Princeton graduate students, faculty and visiting scholars are invited to learn more about our graduate students' current research.
“Pan Americanism at Work”: CINVA and the Portable Brick Machine
Camila Reyes Alé,
Ph.D. candidate in the Department of Architecture
This presentation traces the history of the CINVA-RAM, a manual machine for the production of stabilized-earth blocks created at the Centro Interamericano Experimental y de Adiestramiento en Vivienda (CINVA) in Bogotá, Colombia, in 1957. Founded in 1951 as a training center under the “technical cooperation” arm of the D.C.-based Organization of American States (OAS), CINVA trained and educated architects, engineers and social workers from across Latin America with a focus on manual construction techniques applied to housing development and urbanization, during a period of intense economic and social growth across the region, and the proliferation of its attendant inequities. CINVA’s primary mission was to research, experiment and develop technical solutions that were rooted in local materials, practices and forms of knowledge. The CINVA-RAM was one of these solutions. Acquired by Rockefeller’s International Basic Economy Corporation (IBEC), the CINVA-RAM was later patented and sold in multiple countries worldwide becoming a kind of global instrument, synonymous with terms such as ‘development’, ‘self-help’ and ‘third world’. This presentation aims to situate the history of the CINVA-RAM as specific both to the history of CINVA as institution and to forms of rural/local building knowledge grounded in South America, while questioning the neocolonial contradictions of its dissemination as a universal building solution.

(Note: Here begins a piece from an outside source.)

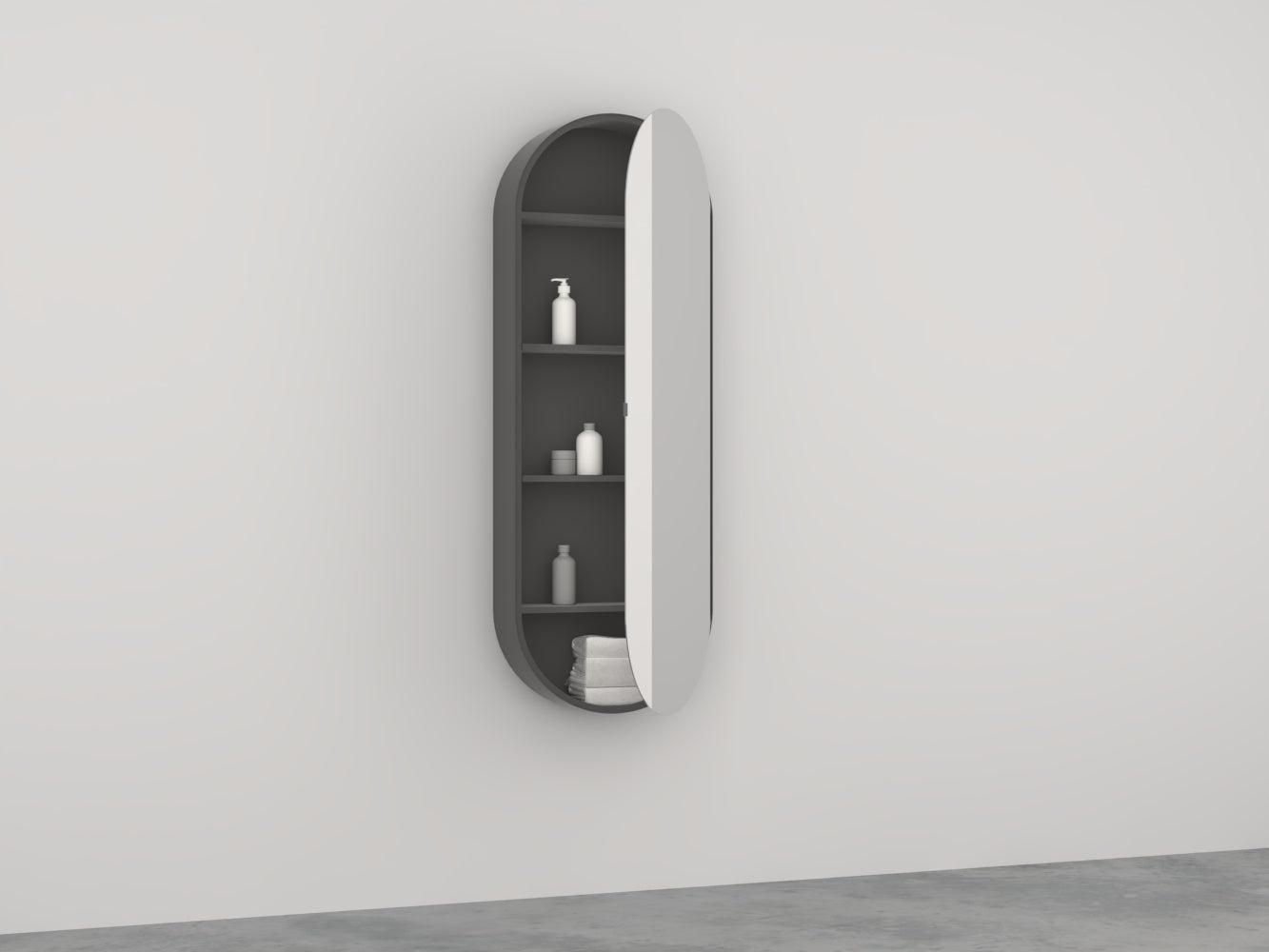 Cielo Arcadia Elio Slim Specchio 50x145 Con Contenitore con lavabo e rubinetteria, vista frontale su sfondo neutro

Camila earned a Bachelor’s in architecture from Pontificia Universidad Católica de Chile (2013) and a Master's in Critical, Curatorial and Conceptual Practices in Architecture from Columbia University (2017). She has been the recipient of scholarships from Fulbright (2015-2017), CONICYT/ANID (Chile) (2015-2021), and the Lassen Fellowship from PLAS at Princeton University (2017-2018). Her work has been published in Revista ARQ, The Avery Review, Revista Materia, among others. Since 2020, she has been developing her dissertation on the architectures in and of circulation across the Americas during the second half of the twentieth century.
Ana Ozaki, Princeton-Mellon Fellow in Architecture, Urbanism, and the Humanities
"Violence in the House of Fiction. Conflict and the Forms of Literary Realism in Mexico after the Revolution."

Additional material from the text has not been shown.